I'll stop hijacking this thread and start a new one in a couple of days with my setup and some images. Thanks.
The over correcting of the lights is because this seems to be an issue in the flats themselves. I can see a brighter part around the flat there which apparently is not there when you take the lights. Therefore it corrects those too much. There should be some hardware difference that causes that lighter ring around your flats to appear.

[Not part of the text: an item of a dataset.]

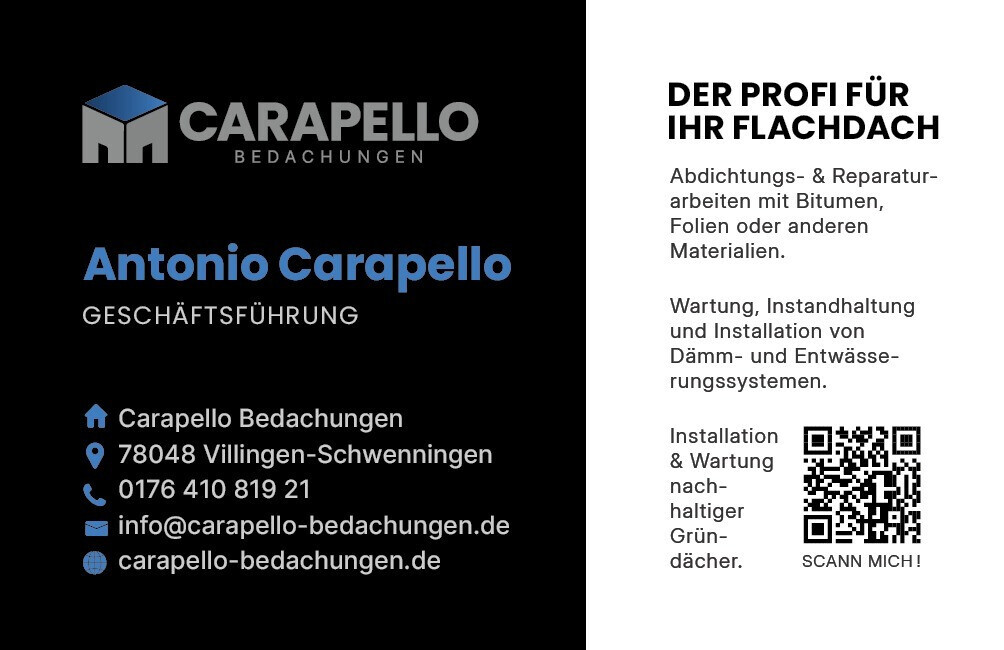 Bilder Carapello Bedachungen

Hi Vincent, thank you for your reply.
I have today taken some new flats using 4 layers of T shirt against my dell monitor set to white. Exposure time was 10 seconds each as opposed to 1/1000s previously and as recommended by Wouter @wvreeven above. 21 flats yielded this master flat:-
The same number of dark flats were created & used. Bias were omitted this time. Integration looks like this:
I can't really say the result is better than the first attempt. Rainbow circle is still there and the vignette correction is still wrong...
I am wondering about trying to de-saturate the flats to see if that helps? Clearly I need to find a better light source as the monitor skews the histogram in the red channel
Regards
Stephen
Hi Stephen,
I had a similar experience where I used an iPad for my flats. That also introduced all kinds of artifacts in my stacks. This is why I recommended you to use a natural light source. No light bulbs, especially led, and no tv or computer screens. Just a white wall or towel illuminated by daylight entering the room via a window is more than enough. Place the telescope at some 30 to 50 cm from the wall or towel and take your flats.
HTH, Wouter
Thanks Wouter,
I couldn't find anything evenly illuminated by natural light and the clouds were very variable today, but I will keep trying - and looking at the histogram more closely!!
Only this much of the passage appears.